After his arrest on the federal warrant filed in Missouri and the complaint filed in Arizona, authorities discovered additional firearms in a storage shed Cuney leased in his hometown of East Greenbush, New York. Prosecutors there added another charge of felon in possession of a handgun, bringing the total to three counts in three different states.
Cuney was a registered firearms dealer in June 2015 when he pleaded guilty in federal court to selling and delivering firearms unlawfully as well as transporting and possessing firearms with obliterated serial numbers, according to a press release issued by Preet Bharara, then the U.S. Attorney for the Southern District of New York.
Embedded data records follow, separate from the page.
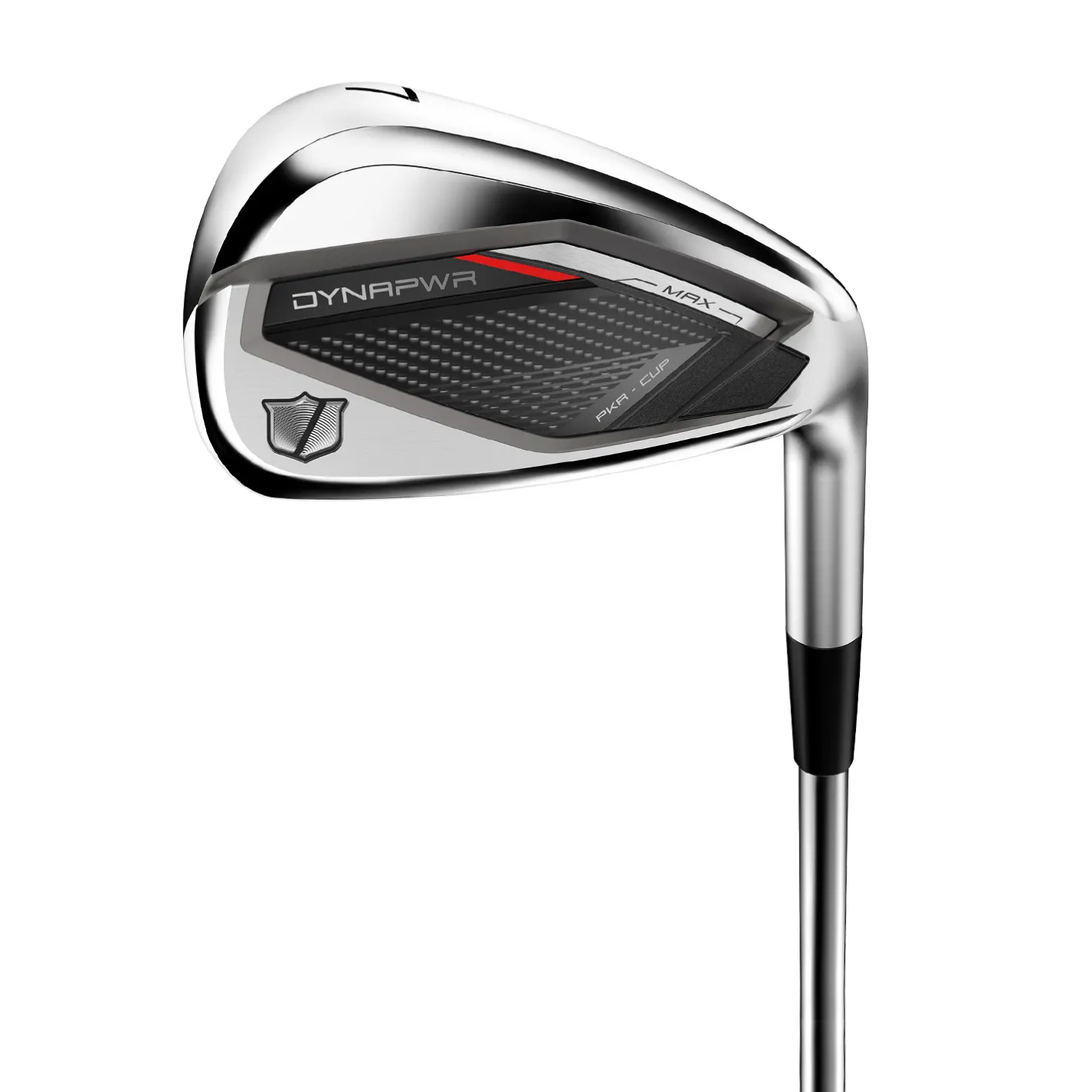 Wilson Dynapower Max Lady - Grafit Outlet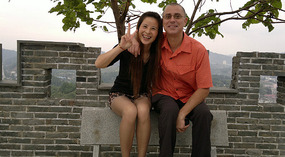 Mid Autumn Festival & The Grains of Time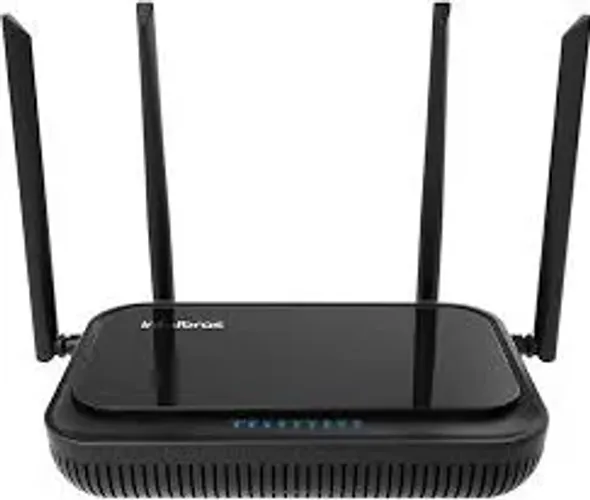 Roteadores e repetidores intelbras - Instalamos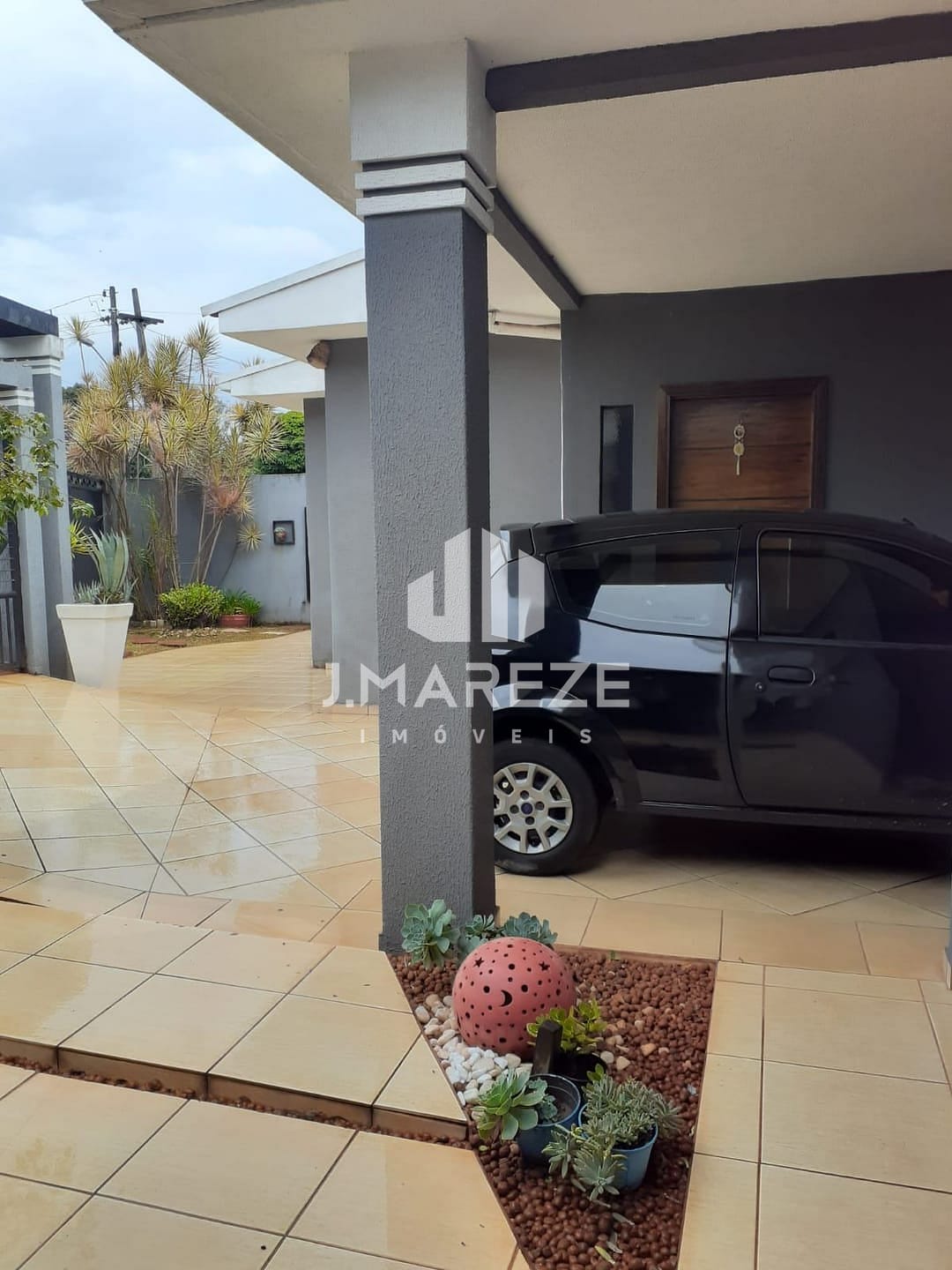Casa à venda com 3 quartos, 99m² - Foto 10
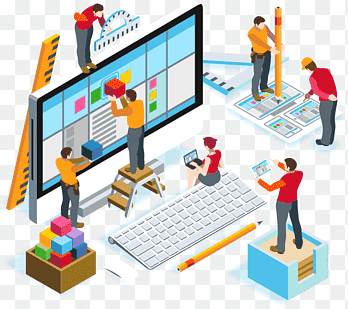 Describe your automation illustration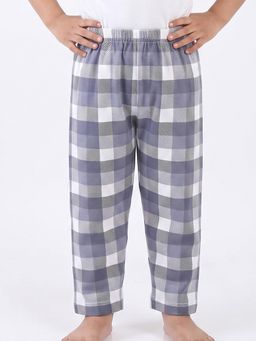 Nite Flite - Nite Lite Little Builder Printed Kids Pajama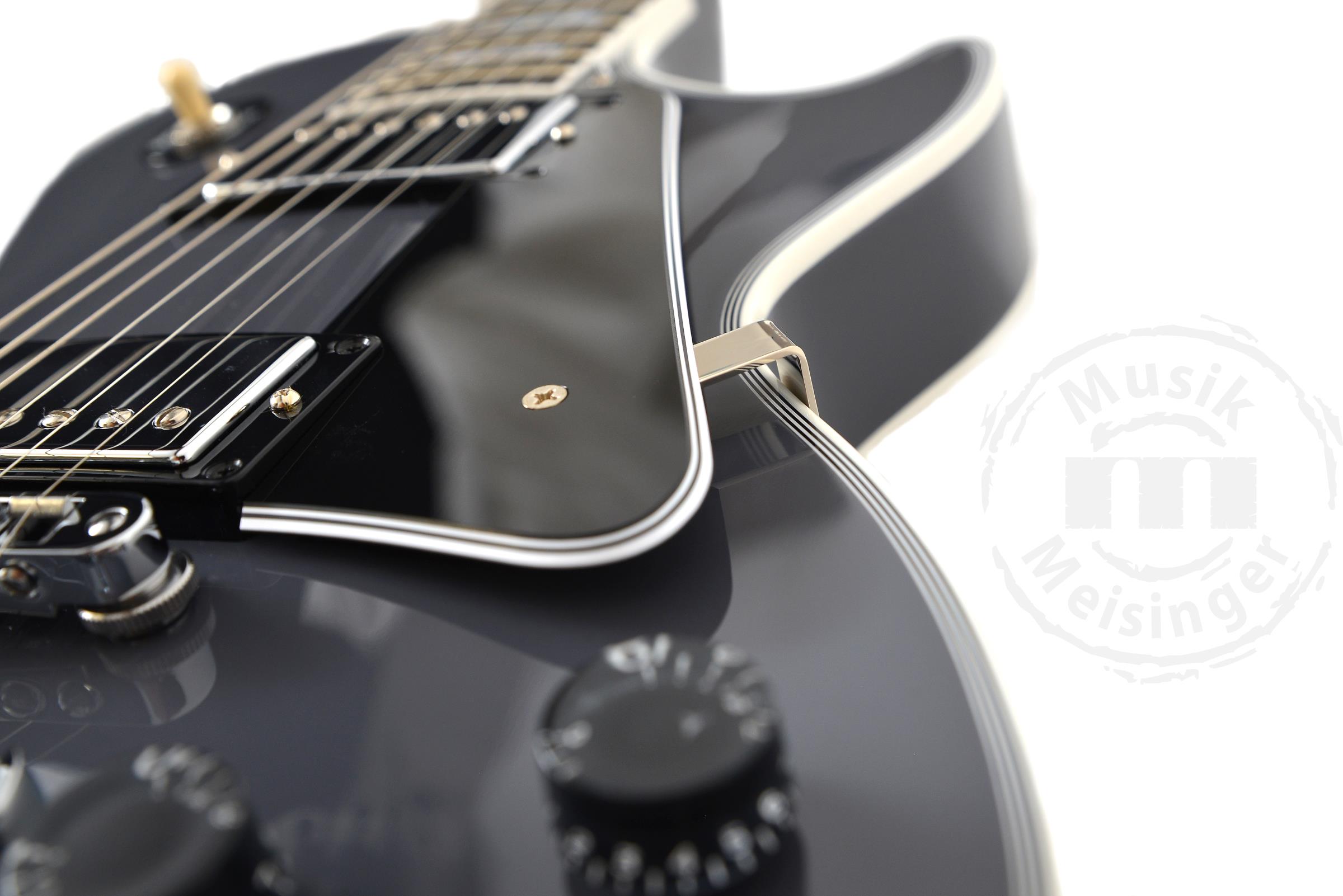 GIBSON Les Paul Custom Artic Blast Gloss GIBSON Les Paul Custom Artic Blast Gloss
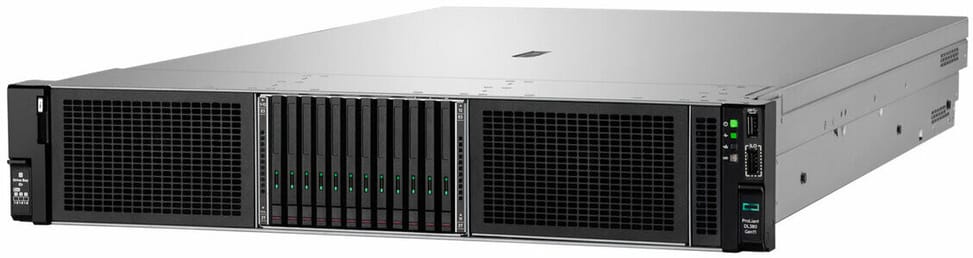 Serveur HPE ProLiant DL380 Gen11 (P70456-421) — image 4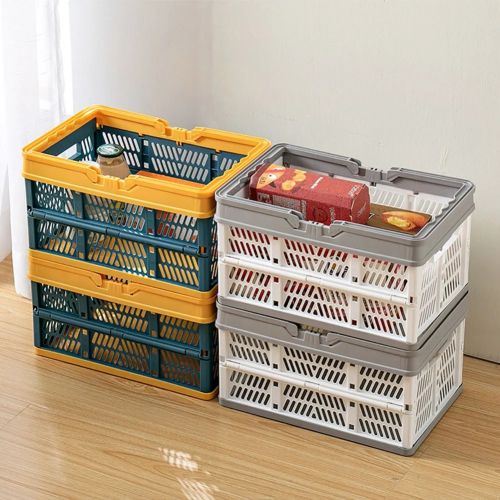 Ящик-трансформер з ручками 37*24см Stenson R94308 фото 3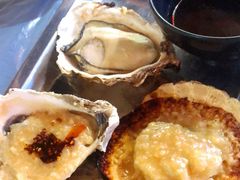 -大成海鲜烧烤·龙虾(南方商城店)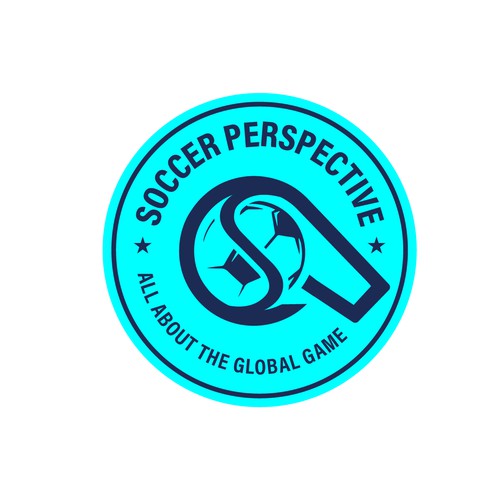 soccer perspective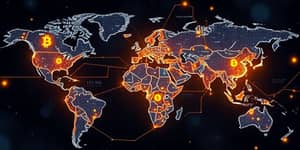 O Papel das Criptomoedas na Economia Mundial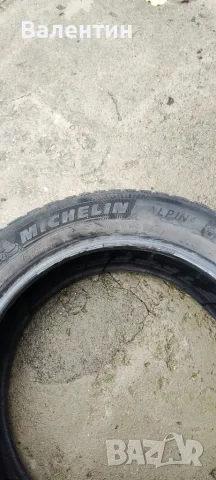 Зимни гуми Michelin Alpin 6 215/55/17 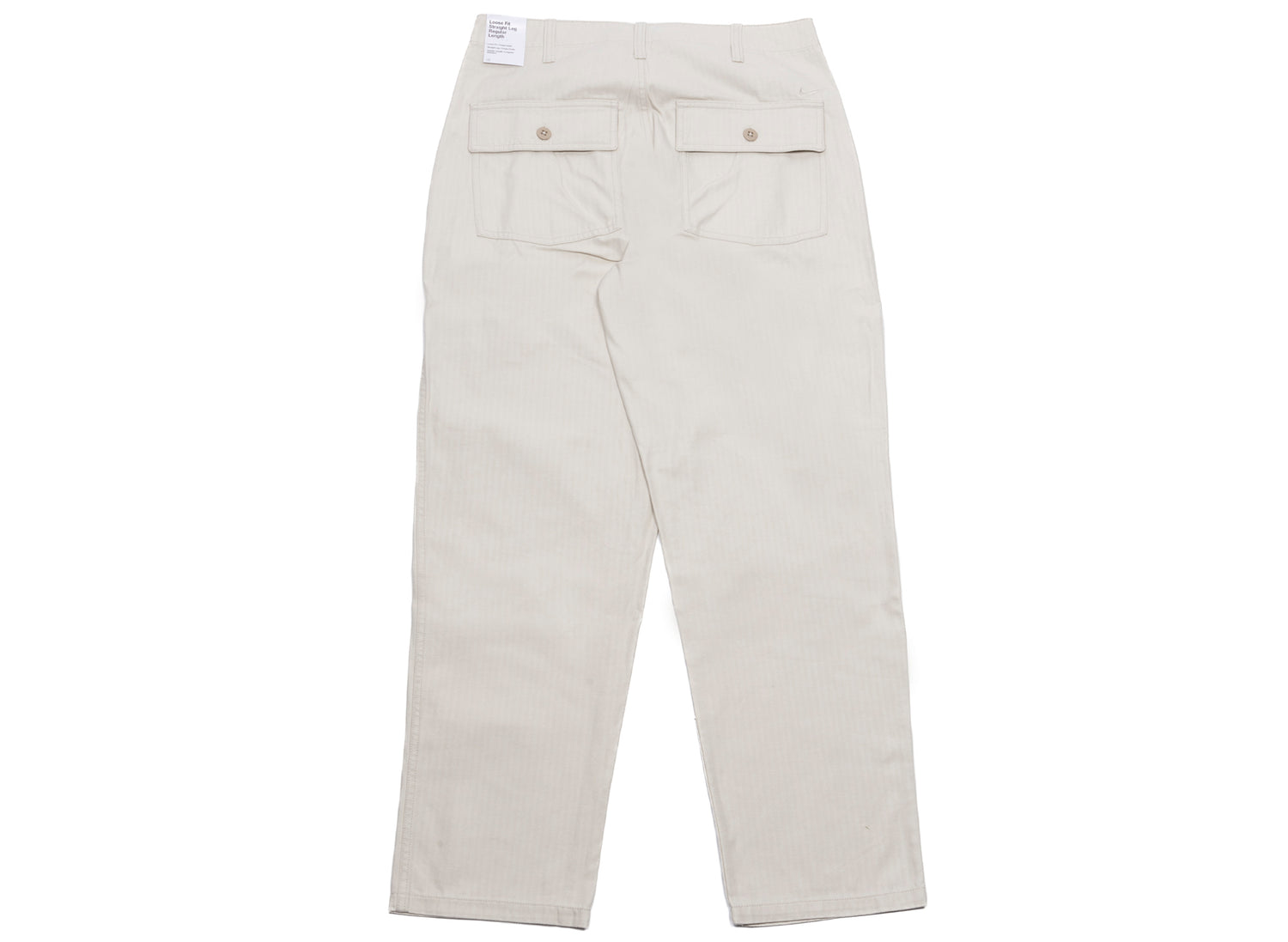 Nike Life Fatigue Pants - view 2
“Regulations governing firearms dealers and the sale of firearms are critically important to public safety,” Bharara wrote in the release. “Jonathan Cuney flouted these regulations and intentionally introduced nearly two dozen untraceable firearms into the streets. Fortunately, Cuney was caught and convicted before more illegal guns could endanger our neighborhoods.”
A federal sentencing memorandum shows Cuney between April 2013 and July 2014 sold 22 defaced firearms, several of those to an undercover ATF agent. Upon his arrest authorities also found a power tool to remove the serial numbers, as well as additional defaced handguns and silencers.
In the memorandum, federal prosecutors referred to his military service, describing it as “heroic,” but also that Cuney, given his background, should have known the seriousness of the offenses he committed.
“Defendant is also a decorated veteran of the United States Marine Corps and his heroic service to our country should be recognized,” the memorandum reads. “It bears noting, however, that the commission of this crime by Defendant can be viewed as especially egregious. Defendant, more than the average person, understands the seriousness and deadly consequences of the use of firearms.”
After his release from prison in April 2017, Cuney returned to his hometown and served supervised release until May 2018. Even during that period, the affidavit filed in the Missouri case shows, he maintained an account with MidwayUSA, a sporting goods and gun retailer in Boone County.
About Sept. 17, a large order of ammunition was traced to Cuney’s account. Using another person’s name on the order form, he allegedly purchased more than 2,000 rounds of ammunition. Store video surveillance would later show him and another person picking up the goods, with Cuney exiting while carrying four of the boxes of ammunition and magazines.
At the time of his arrest in Tucson, authorities discovered additional weapons in the truck he was driving, and he faces an identical count there. ATF agents wrote in that criminal complaint that Cuney was driving a Chevrolet with his girlfriend and her two children when detained. In the back in a plastic tub, were a Springfield .40 caliber handgun, an AM-15 semi-automatic rifle, magazines and several items of camouflage clothing.
After receiving word of Cuney’s charges, ATF agents in New York State were granted a search warrant for a storage shed in his name in his hometown of East Greenbush. In the shed, authorities located a Springfield M-1a, a civilian version of the military M-14, and several other firearms and ammunition, according to an ATF affidavit in that case.
All three cases are expected to be heard in the Northern District of New York, although a date has not been set. It’s not clear if Cuney has an attorney to speak on his behalf.